▸ WHAT THE TASK ASKS
Quote exactly and only this range of lines in the data below: the line that holds "Hướng dẫn cách" to the line that holds "Man riding bicycle", both included.

▸ MATERIALS PROVIDED

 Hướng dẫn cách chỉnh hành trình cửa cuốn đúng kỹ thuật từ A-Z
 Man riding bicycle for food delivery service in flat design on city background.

--

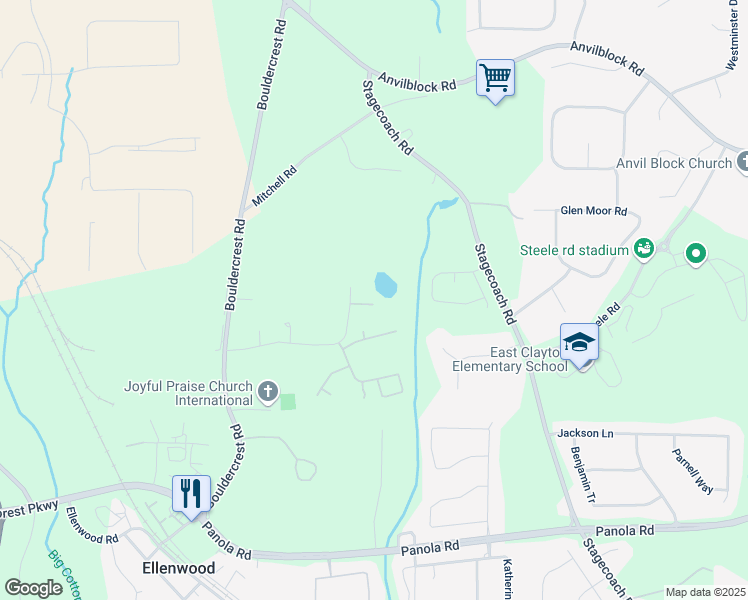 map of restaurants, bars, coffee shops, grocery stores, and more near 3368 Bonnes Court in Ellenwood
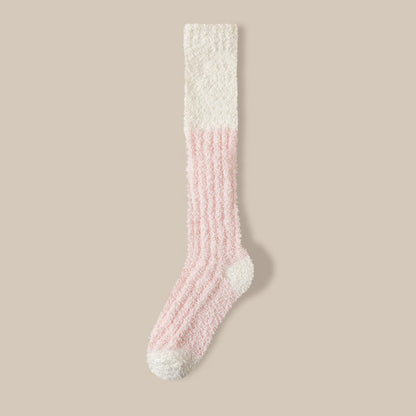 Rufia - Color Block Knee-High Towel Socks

▸ SOLUTION FOR THIS PROBLEM
 Hướng dẫn cách chỉnh hành trình cửa cuốn đúng kỹ thuật từ A-Z
 Man riding bicycle for food delivery service in flat design on city background.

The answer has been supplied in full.